Теперь же условия, в которых работают переводчики, коренным образом изменились. Возможно, о “Большом взрыве” в мировой литературе говорить пока рановато (хотя такие слова уже звучат в связи с победной поступью интернета и развитием порожденных им форм литературного самовыражения), но на смену аналогу ньютоновско-эвклидовой картины мира в литературе явно приходит неопределенность эйнштейновского типа. Язык стал динамичным, понятие литературной нормы размылось. Что теперь значит “хорошо писать по-русски”? На кого равняться современному переводчику? Какие ориентиры предлагать ученикам? Отечественная классика покрывается мхом у нас на глазах, но есть ли ей замена? Сейчас перед переводчиком встает выбор: продолжать консервировать язык или “ломать” его вслед за “порчей” языка повседневного общения, а то даже и на какой-то новый манер, в попытках передать самобытность оригинала. Особенно трудно приходится переводчикам с английского, поскольку этот язык далеко превосходит все остальные по распространенности в мировой литературе и пишут на нем представители самых разных национальностей и культур, пользуясь им – а с точки зрения приверженцев любой жесткой литературной нормы “нещадно коверкая” его – каждый на свой лад.

На перечисленные вопросы, может быть, и не стоит искать категорический ответ. Пожалуй, здесь, как и при решении многих других сложных проблем перевода, следует придерживаться золотой середины между двумя крайностями. Например, сейчас иногда допустимо употреблять в переводе “кальки”, что в советские времена считалось явным признаком дурного вкуса (не так уж редки случаи, когда, скажем, слово лузер выглядит в определенном контексте лучше нашего привычного неудачник, а однажды для перевода английского sleaze я не нашел ничего более подходящего, чем хорошее “русское” слово фрик). Если говорить о словоупотреблении, теперь уже не стоит всякий раз лезть за проверкой нестандартного словосочетания в “Корпус русского языка”, хотя интернет и дает нам такую возможность. Когда необходимо решить, стоит ли использовать в переводе то или иное выражение, разумнее проверить его употребимость в русскоязычном интернете и прислушаться к своему внутреннему голосу. Конечно, дополнительную ответственность на себя брать не хочется – сослаться на Пушкина всегда проще, – но в современных условиях трудно этого избежать.

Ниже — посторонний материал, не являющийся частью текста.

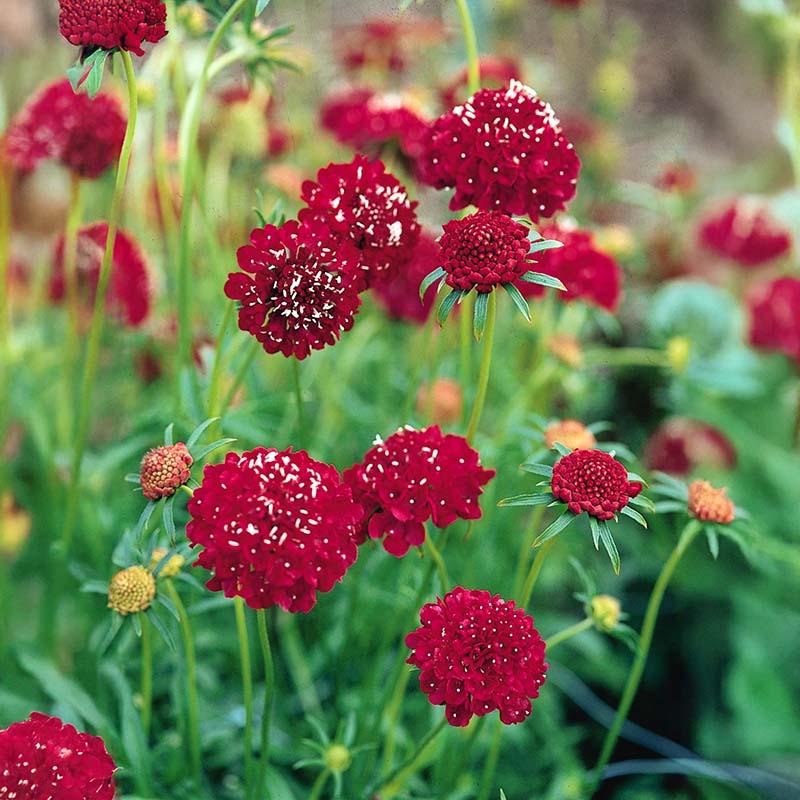 Red Pincushion flower seeds
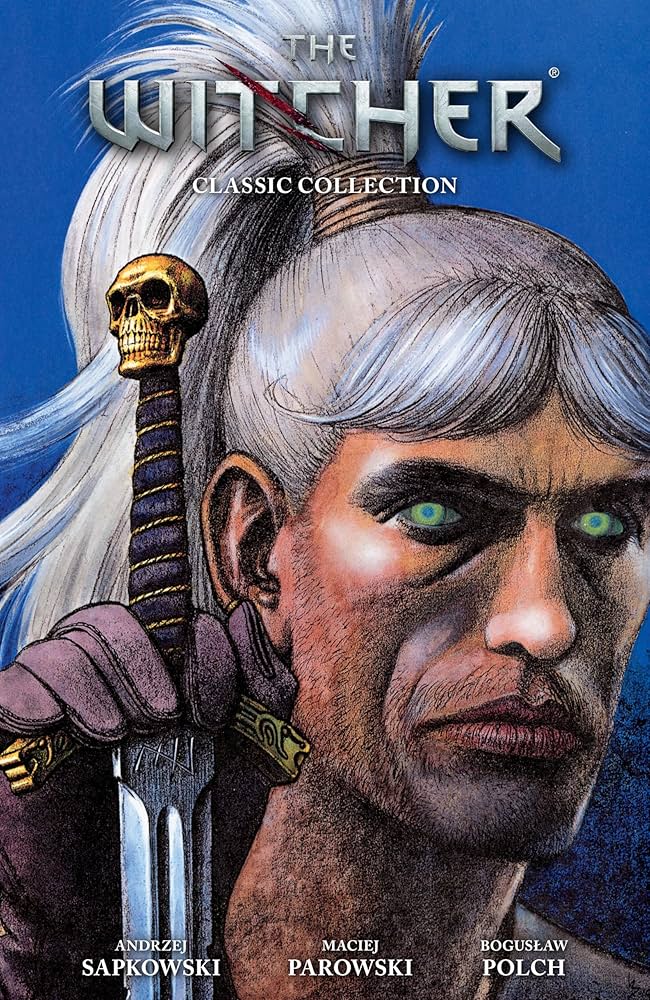 The Witcher The Witcher
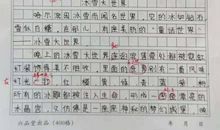 哇这里真热闹作文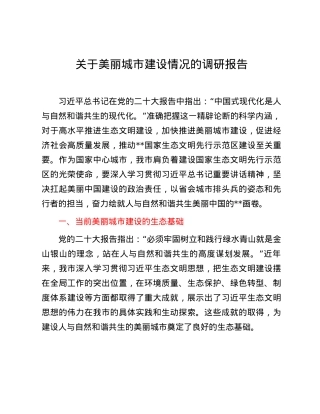 关于美丽城市建设情况的调研报告.docx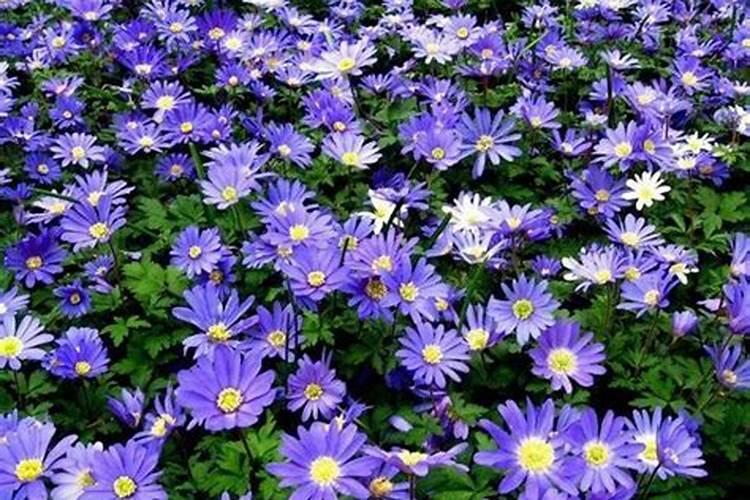 玉米氮磷钾的作用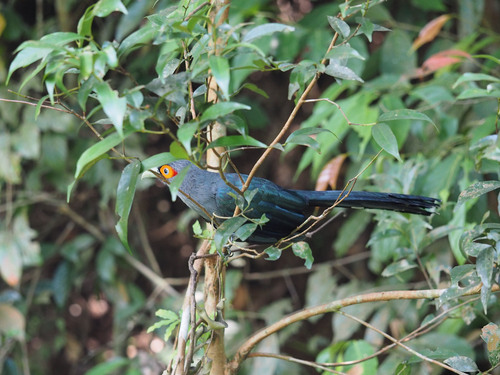 Chestnut-bellied Malkoha (Phaenicophaeus sumatranus), photo 3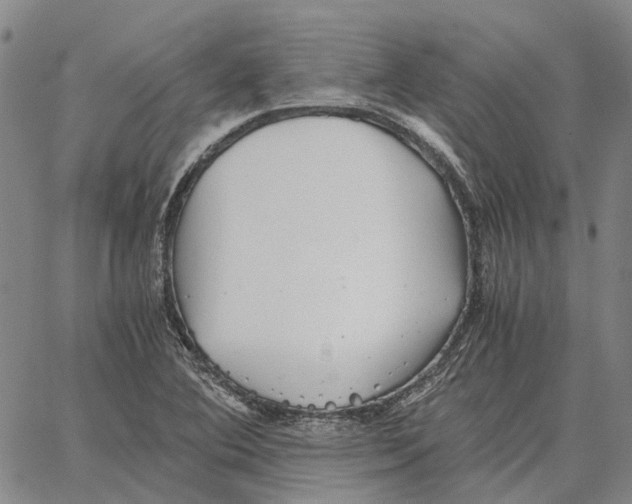 X0000062651364200601181759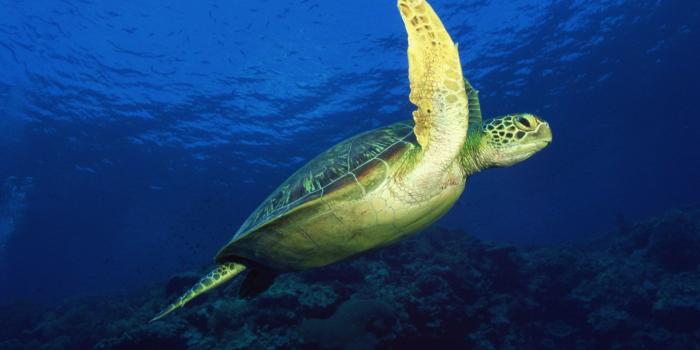 1600x1200 48+] Sea Turtle Wallpaper Desktop on WallpaperSafari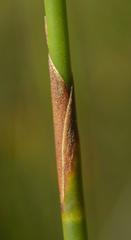 Nevillea obtusissima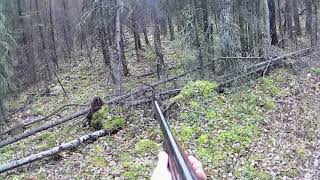 Hunting for Ruffed Grouse in Alberta.  Learning the hard way to shoot video and hunt.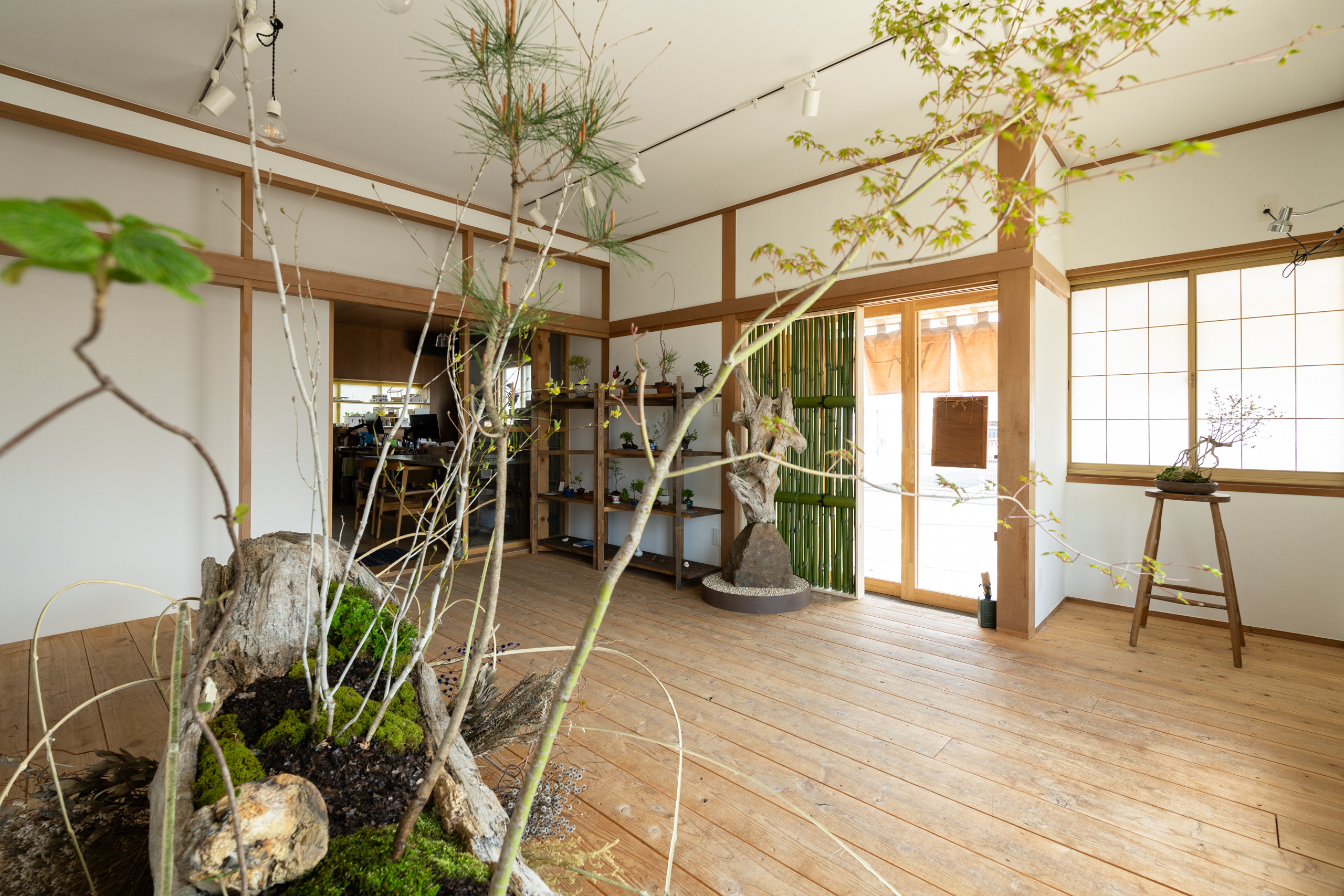 旅をする木　野添匠　南東から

“Хорошо писать по-русски” переводчик должен уметь и сегодня – ведь большинство книг, которые мы переводим, неплохо написаны на языке оригинала. Научиться этому невозможно без врожденного языкового чутья и чувства меры, однако именно овладение языком русской литературной классики служит переводчику дополнительной (а то и единственной) прививкой против безвкусицы и косноязычия. С другой стороны, сегодня переводчик порой вынужден ставить рискованные эксперименты; на тургеневско-чеховском стиле во многих случаях уже не выедешь. Успешность же этих экспериментов по-прежнему определяется чутьем переводчика, его чувством меры и такта по отношению к родному языку, а также степенью его уважения к автору оригинала, чьим полномочным представителем он остается и по сей день.